There are two types of uncertainties in distribution power systems: randomness and fuzziness [2–5]. It is well known that interruption frequencies or interruption probabilities of distribution overhead lines are related to weather conditions [2, 3, 5–7]. Weather conditions are usually described in fuzzy words. Each weather condition (rain, wind, storm etc.) can be categorised into different degrees (such as heavy, medium or light rain) [2–5]. This classification is obviously vague or fuzzy. Interruption frequencies or interruption probabilities of distribution lines are also caused by environments (such as tree falling or animal activities) and operational conditions (such as load levels). It is very difficult to distinguish exactly the effects of these conditions on the outage data of individual components using a probability model, since there are little or any statistics available. Some utilities do not have enough statistical records, but they may have a good judgment on the range of outage parameters (such as repair time). A fuzzy approach allows obtaining adequate models for all these cases [2–5].

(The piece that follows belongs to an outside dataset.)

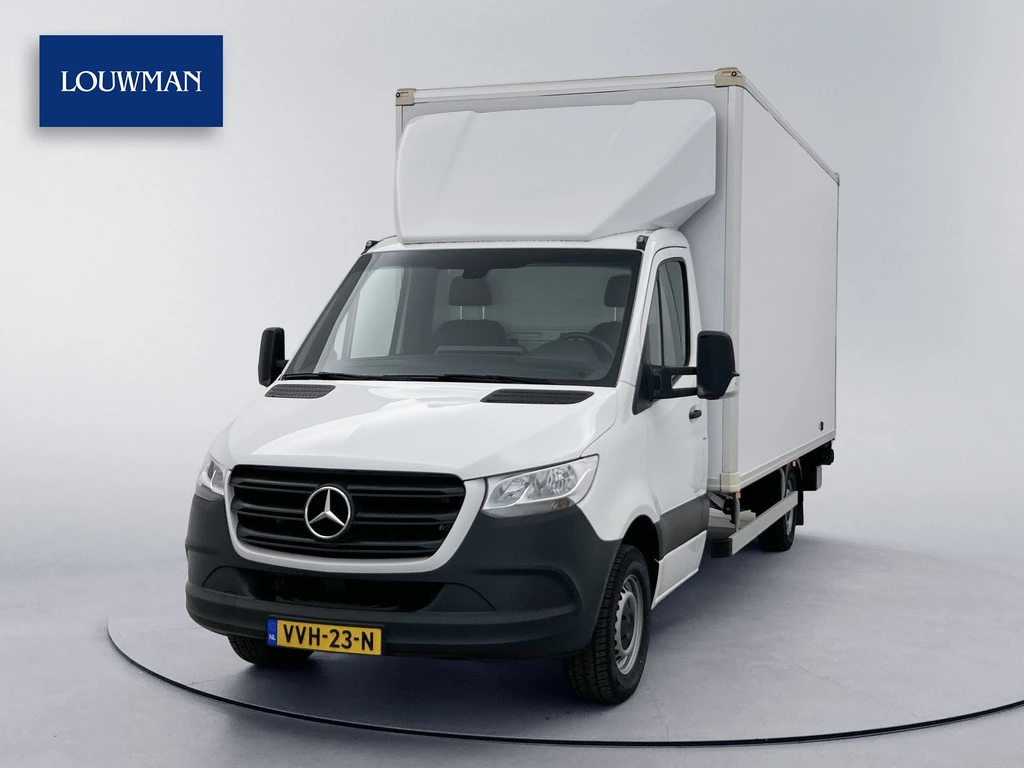 Mercedes-Benz Sprinter – foto 2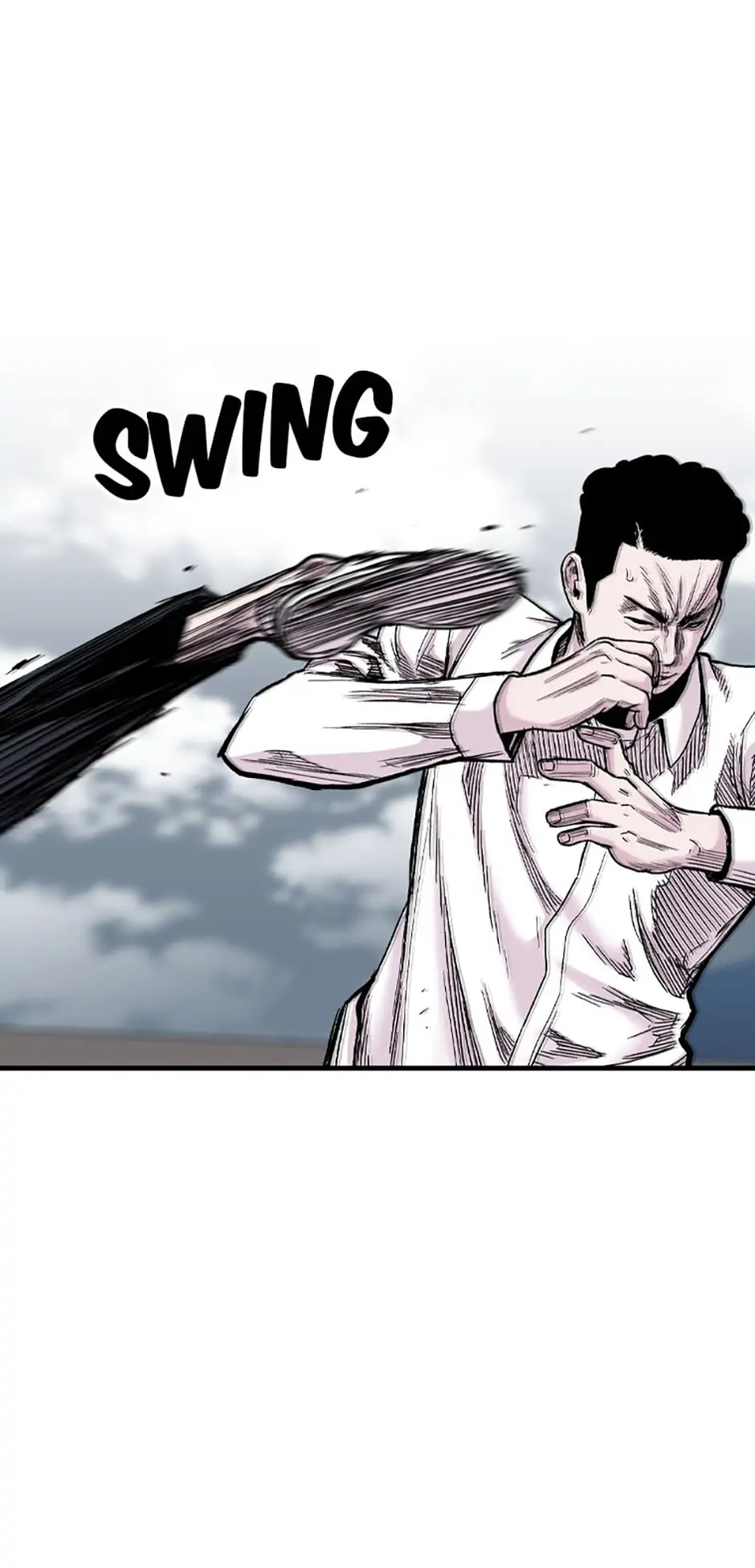 Switch Manhwa Chapter 63 - page 17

Unlike transmission systems, which are looped, distribution networks are usually made up by radial feeders. The most important consequence of radial feeders is that many customers can be affected by the interruption of a single component. The adequacy is represented by reliability indices such as average interruption rate λ, average outage duration r, and the annual outage duration U. These reliability indices are load point indices and they are of crucial importance for reliability studies. The average outage duration and the interruption rate can be reduced by network configurations, suitable location of substation, feeder length, and by increasing fault avoidance and corrective repair measures. These measures try to modify the interruption rate and repair time of each segment, improving the system reliability. Repair time and interruption rate modifications may require additional efforts which are associated with additional expenditures.
A technique for optimal reliability design in electrical distribution system was developed by Chang and Wu in [8]. This technique solved a non‐linear optimisation problem based on polynomial‐time algorithm.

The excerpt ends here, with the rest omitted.